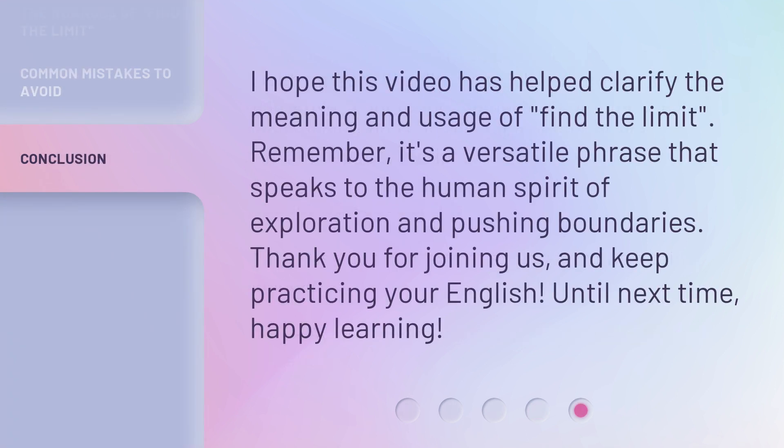I hope this video has helped clarify the meaning and usage of 'find the limit.' Remember, it's a versatile phrase that speaks to the human spirit of exploration and pushing boundaries. Thank you for joining us, and keep practicing your English. Until next time, happy learning!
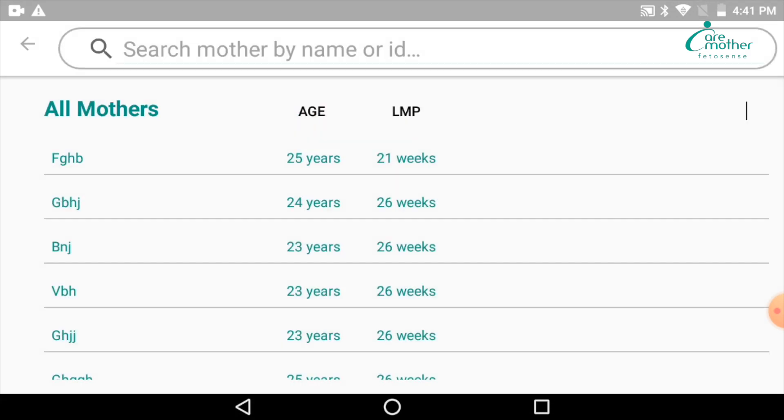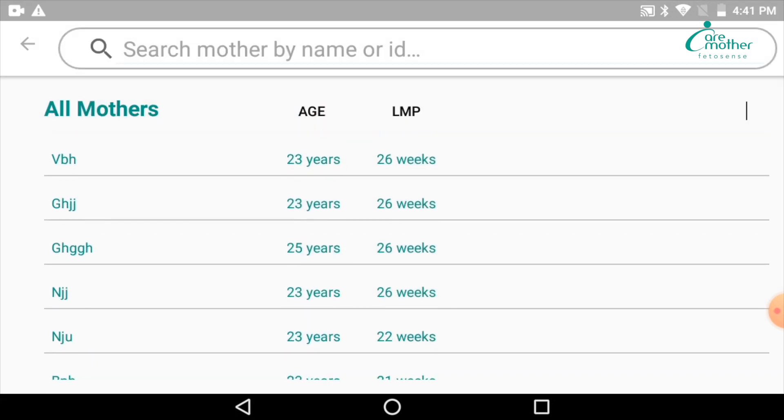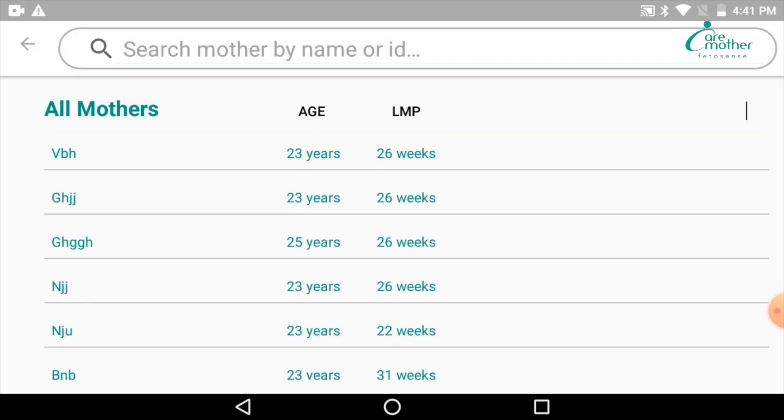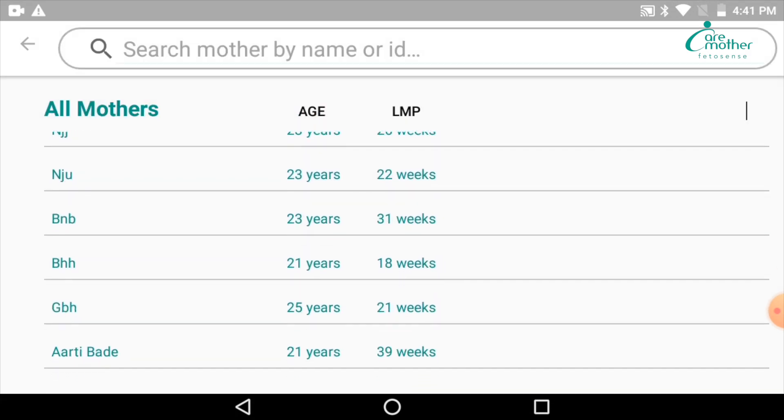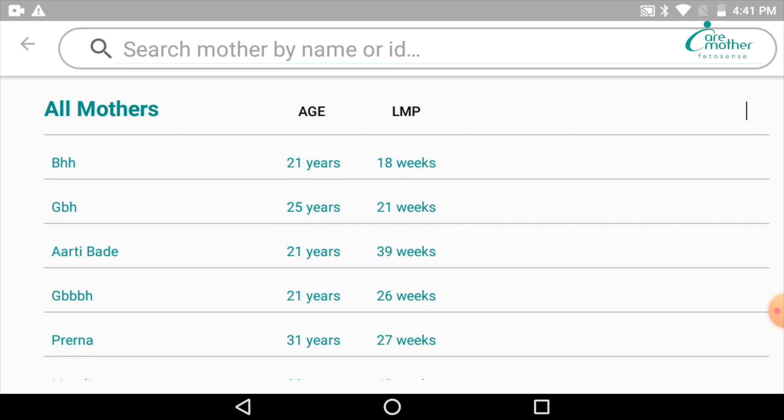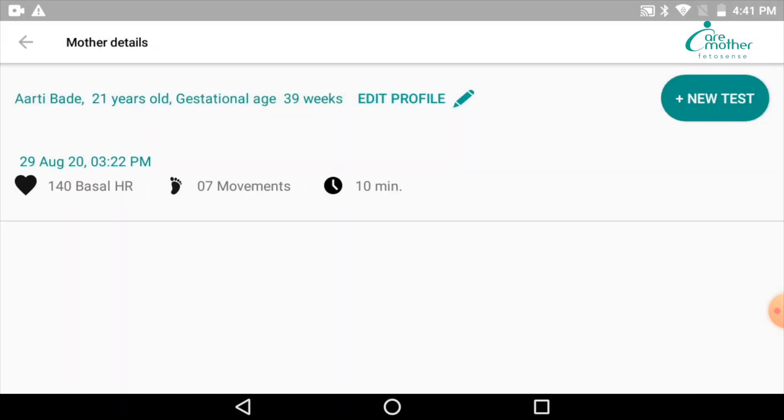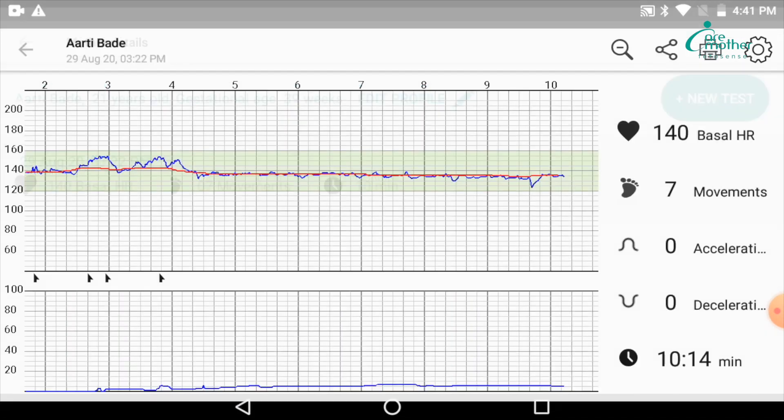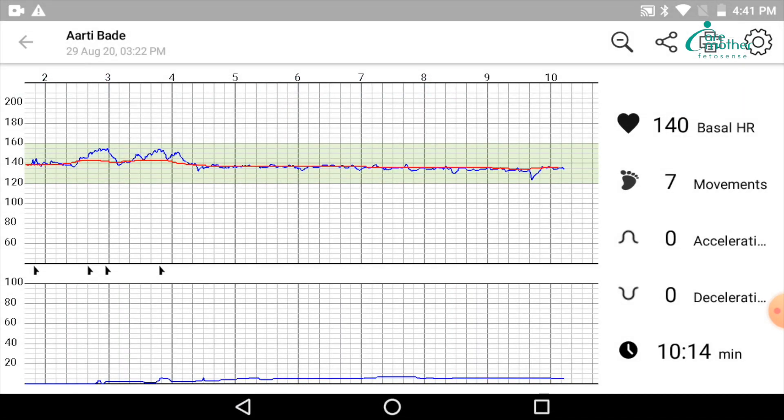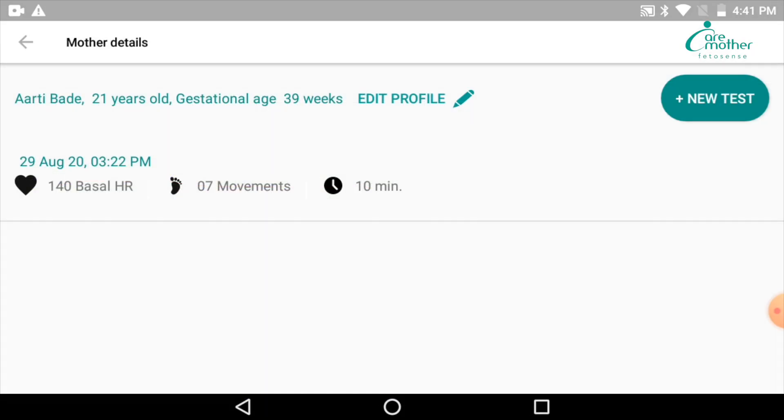This device is capable of auto-interpretation. You would be able to see the auto-interpretation-based line, and the acceleration-deceleration counts will also show up.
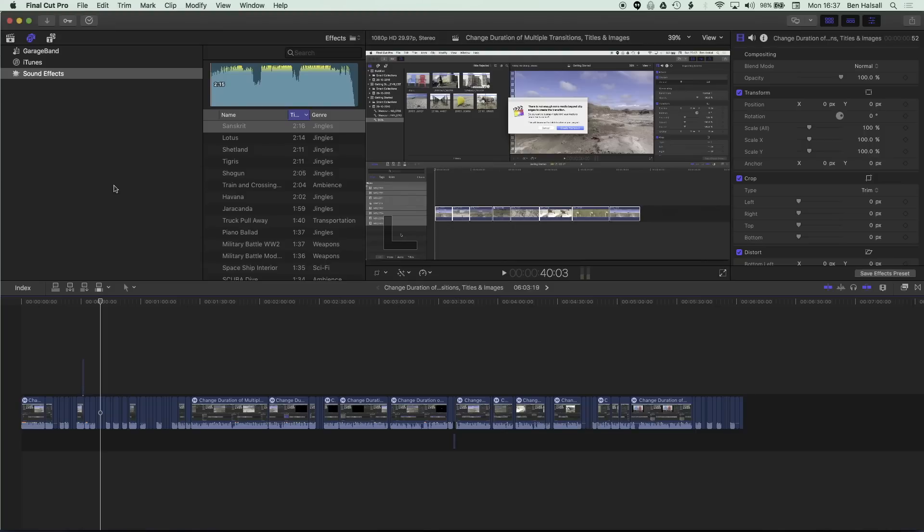So here in Final Cut Pro 10.3 I wanted to take a look at the new roles that are available. Now the idea of this is that we can focus the attention on audio that we're editing at that particular point in time whether that be effects, dialogue, a musical soundtrack and so on and so forth.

▸ EXERCISE OBJECTIVE
The range to set down runs from the line containing "This device is" through the final line of the data, both ends included; give it exactly and drop the pictures.

▸ ANSWER BOX
This device is capable of auto-interpretation. You would be able to see the auto-interpretation-based line, and the acceleration-deceleration counts will also show up.
So here in Final Cut Pro 10.3 I wanted to take a look at the new roles that are available. Now the idea of this is that we can focus the attention on audio that we're editing at that particular point in time whether that be effects, dialogue, a musical soundtrack and so on and so forth.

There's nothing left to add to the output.